A literatura pode ser uma ferramenta excelente para aprender sobre História (com H maiúsculo) e política, ainda mais quando você deliberadamente opta por consumir obras de autores de origens e vivências múltiplas e distintas.
Existem vários livros que são extremamente políticos, assim como discos, filmes, pinturas, quadrinhos, etc, etc. Ao se manter aberto a consumir esse tipo de produção artística mais crítica a gente aprende um monte, e aí é claro que a educação mais teórica e formal só tem a somar e embasar essa nossa percepção mais intuitiva da organização social.
Além disso, no momento em que nos propomos a olhar para o mundo a partir de outras perspectivas através da arte… nos tornamos mais HUMANOS. E pelo menos pra mim, isso é tão importante (ou mais) que dominar livros de economia ou teoria política.
Bom, de qualquer forma, às vezes eu tenho vontade de voltar pra escola e ter as aulas de história de novo, com a consciência crítica que tenho hoje. Já que isso não é possível,
Eis como organizo meus estudos:
1°) Fiz uma lista dos assuntos que tenho vontade de saber mais.

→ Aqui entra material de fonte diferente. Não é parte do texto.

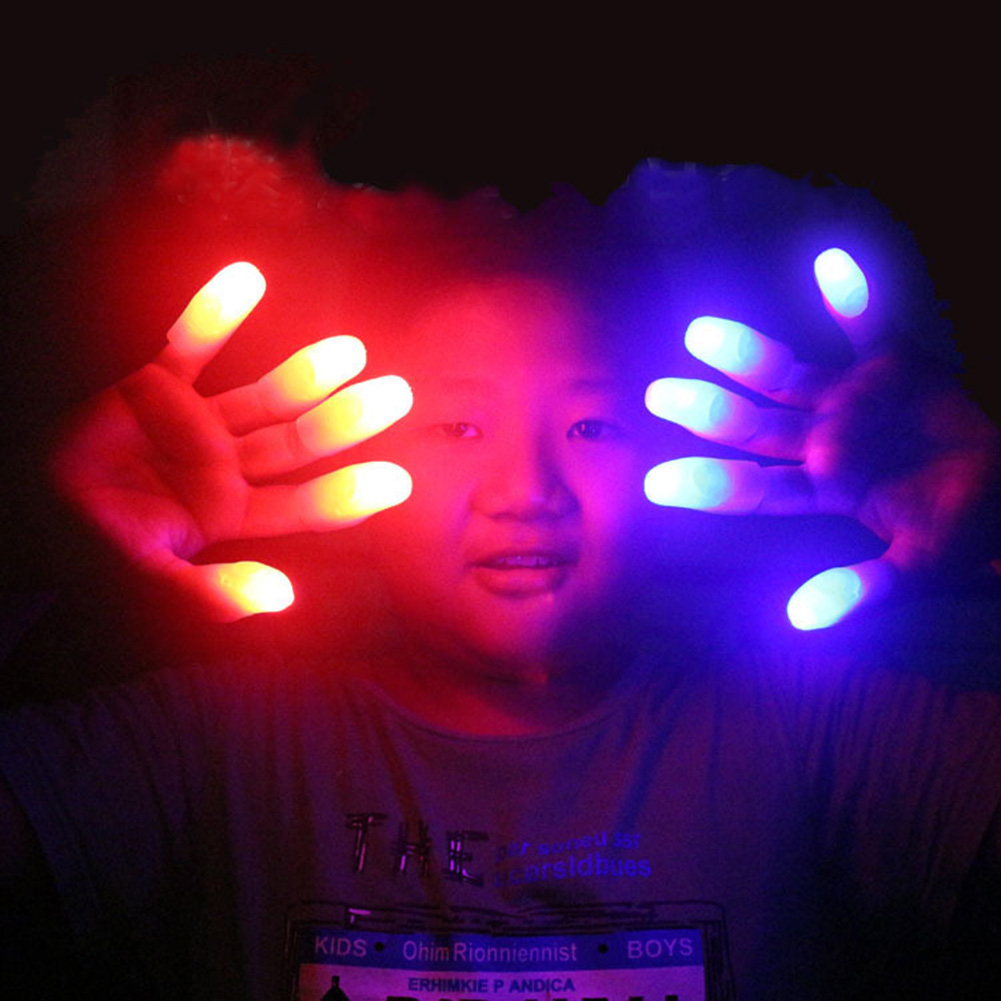 2Pcs Magie LED Batterie Powered Daumen Finger Licht Trick Prop Partei  Makers Rot Licht Up Daumen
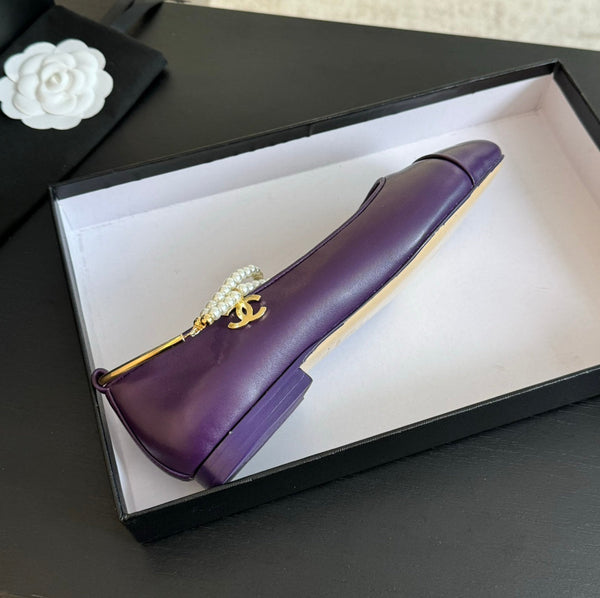 Double Strap Chunky Heel Mary Jane Shoes Violet Purple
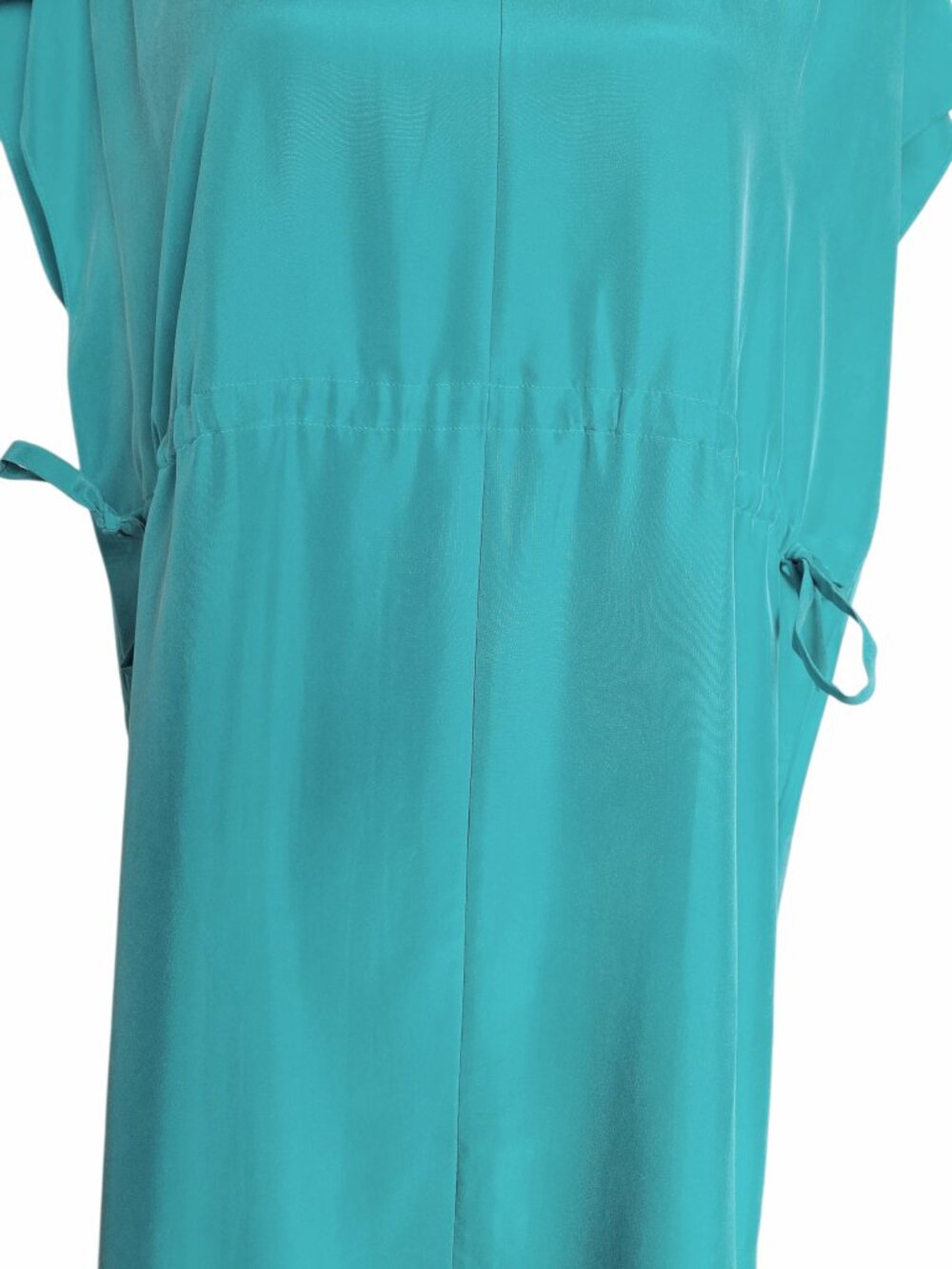 Eileen Fisher Esmerelda Green Washed Silk V-Neck Dress Boxy Fit Women's Size M - Picture 4 of 12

Por exemplo:
História Mundial (Imperialismo, Revolução Russa, 1a e 2a Guerra, Maoísmo, Revolução Cubana, Zapatistas, Influência dos EUA nas ditaduras Latino-Americanas, Guerra do Golfo e Guerra do Vietnã, Resistência Indiana – Gandhi, Apartheid sul-africano, Mandela, etc)
História do Brasil (O governo do PT, acertos e erros; o Golpe de 2016; Revoluções no Brasil; Lampião, Zumbi dos Palmares, Antônio Conselheiro; Luiz Carlos Prestes, Getúlio Vargas, etc)
2°) Entendendo os temas que me interessam, procuro livros de não-ficção que abordem eles. Coloco na minha listinha de livros de política. Aí vou encaixando eles na minha lista de leituras mensal, de acordo com a minha curiosidade naquele mês/bimestre.
3°) Me abro a consumir arte (livros e filmes) que aborde temas políticos e eventos históricos.
4°) Além disso, gosto muito de rap, que é um estilo musical tradicionalmente crítico, e gosto de acompanhar a produção contemporânea… e ouvir o que a juventude tá dizendo.
Bom, esses são alguns exemplos de como EU faço, mas existem milhões de formas de fazê-lo.
Tenho certeza que tem muita gente que aprende muito no Twitter seguindo as pessoas certas e lendo boas threads. Tem as pessoas que são fãs de podcasts, e outras de canais no YouTube.
Existem sim algumas opções fantásticas de ambos os formatos, mas EU especificamente prefiro ler livros do que ouvir podcasts, ainda que sim, eu sei, cumprem funções distintas.
Como já diria Luziana Lanna (risos) “pessoas diferentes precisam de métodos diferentes“. O objetivo desse texto não é falar faça assim ou faça assado, mas o mais importante de tudo é: se mantenha aberto, interessado no coletivo e em expandir seu conhecimento e ação no mundo. E assim, vá atrás da forma de aprendizado que for mais útil e prazerosa pra você.
Ainda sei pouco e tenho várias lacunas na minha formação, mas sou curiosa e persistente e espero manter minha cabeça aberta e continuar estudando até ficar bem velhinha.
De qualquer forma, que nos instrumentalizemos e nunca deixemos de lutar pelo mundo que acreditamos.